Managing cash, keeping track of sales and marketing activities, and retaining customer information are some of the essential corporate processes aided by technology in several successful organizations, whether online or in traditional brick-and-mortar locations. They were aware that financial investment in technology had the potential to boost business results. Technology is commonly used to confront complex business difficulties concerning administration, advertising, customer service, and decision-making. These challenges can be tough to solve without the assistance of technology. In addition, companies are increasingly seeking aid from cutting-edge technological developments. One such technology is data analytics, and businesses make substantial use of analytics tools to analyze and manage many business challenges.

An organization’s actions will influence the path it will take in the future. Since the overwhelming majority of business choices are supported by data that is readily available to the public, when it comes to business, it is to one’s benefit to have a greater depth of knowledge in a specific subject. Statistics are used for more than just helping people make better decisions. However, since its inception, Big Data Analytics has become essential to all corporate choices. Big Data has significantly influenced the administration of corporate operations, the collection of data, and the translation of that data into usable and trustworthy information in real-time. This article will discuss the common business problems addressed by Big Data Analytics.
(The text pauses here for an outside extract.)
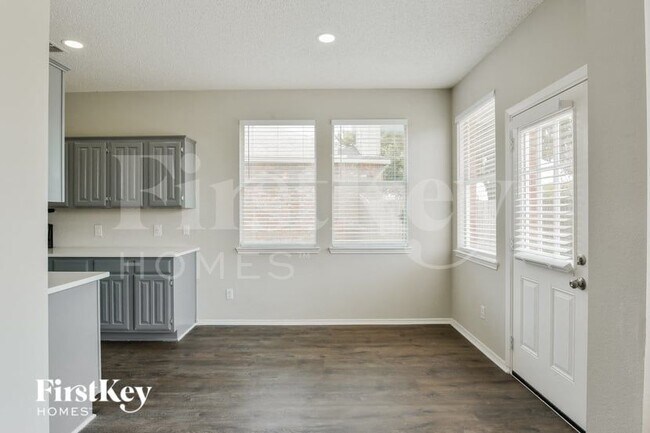 Foto del edificio - 1325 River Ridge Rd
Further, we will also explore the significant data analysis challenges and solutions. This article will be helpful for managers and members of organizations that either have not put Big Data analytics to use or are trying to overcome its challenges. But first, let us understand what Big Data and analytics are.
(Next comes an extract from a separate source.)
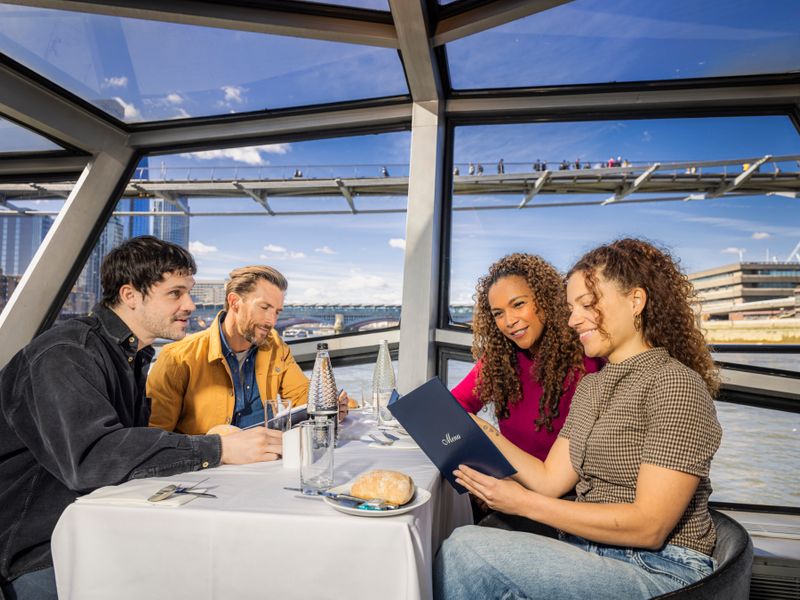 Gäste wählen ihr Menü während einer Lunch Cruise auf der Themse mit Blick auf London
Big Data and Big Data Analytics

Big Data is an umbrella term that refers to large numbers of various data types. The process of extracting valuable insights from massive volumes of structured, partially structured, and unstructured data to improve the effectiveness of corporate decision-making is known as actionable insight extraction. This information has been accumulated over time from various sources, and it isn’t easy to handle using approaches typically associated with databases. The value of an organization’s Big Data relies not only on the quantity of data the organization holds but also on how that data is used. Each organization utilizes information in line with the requirements unique to that firm; the more efficiently a company operates, the better its success.

Big Data analytics refers to analyzing massive data sets, including varied data, also known as ‘Big Data, produced by different sources, including online shopping, cellular devices, social media platforms, and the Internet of Things (IoT). The steps required in Big Data processing are integrating many data sources, converting unstructured data into structured data, and extracting inferences from the data through special tools and techniques that distribute data processing throughout a whole network. Big Data analytics is the answer to the problem of managing and analyzing different data sources with a singular approach. The volume and intricacy of Big Data analytics forced the development of new storage methods and processing the large amounts of structured and unstructured data involved in the process. These new approaches may hold and analyze the data in a structured or unstructured format. Big Data analytics required the creation of new ways for storing and analyzing petabytes of data. While the fundamentals of conventional data analytics are still generally relevant, Big Data analytics forced the development of new approaches. Big Data analytics are sophisticated analytic techniques used to analyze extensive data sets. These data sets can be organized, semi-structured, or unstructured and can be as large as many terabytes to a few zettabytes.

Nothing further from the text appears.